Skyss
- Type: County owned
- Industry: Public transport
- Founded: November 2007
- Headquarters: Bergen, Norway
- Area served: Vestland
- Number of employees: 105 (2026)
- Parent: Vestland county municipality
- Website: www.skyss.no

= Skyss =

Public transit authority of Vestland, Norway

Skyss is the public authority responsible for public bus, light rail (“Bybanen”), boat and ferry services in the county of Vestland, Norway. Skyss does not have a board, but is politically governed by the county council. Skyss plans and develops line networks and schedules, awards transport contracts, and provides market and customer information. Skyss was established in the former county of Hordaland in 2007 and extended in 2020 by the merger with the former county of Sogn og Fjordane. Contracts for the operation of bus, boat and ferry routes are awarded to private traffic companies after tender competitions managed by Skyss.

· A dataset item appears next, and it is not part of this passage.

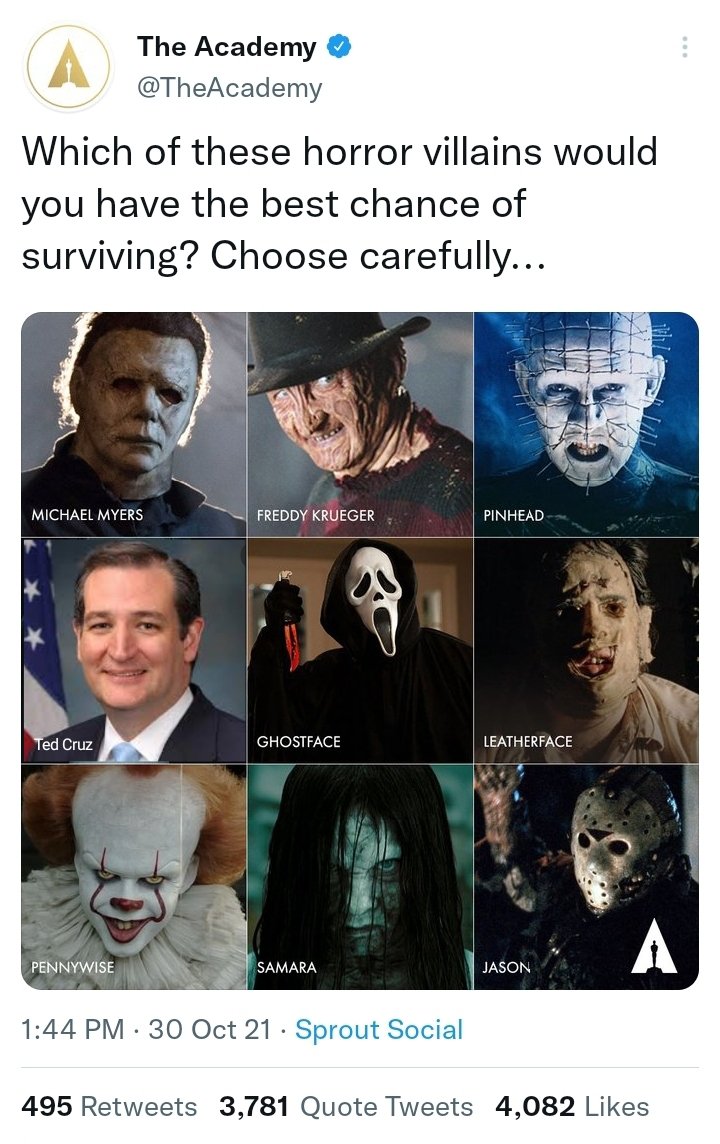 JarJarFan69's tweet photo. Easy choice here. https://t.co/oCPNTExLIq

The gross operating costs in 2024 were NOK 5,3 billions. Total income (including ticket revenue) was NOK 1,7 billion. The gap between costs and income is covered by the county council.

Skyss has since the establishment in 2007 conducted a major reform within public transport. Achievements include the commencement of the Bergen Light Rail in 2010 and several major bus route changes to optimize public transport in areas and corridors where there are most travellers. The changes have over the years led to a significant growth in passenger numbers.

Skyss is responsible for the ticket payment systems, including a mobile application (Skyss Billett) in which travellers can purchase tickets for bus, lightrail and boat travels.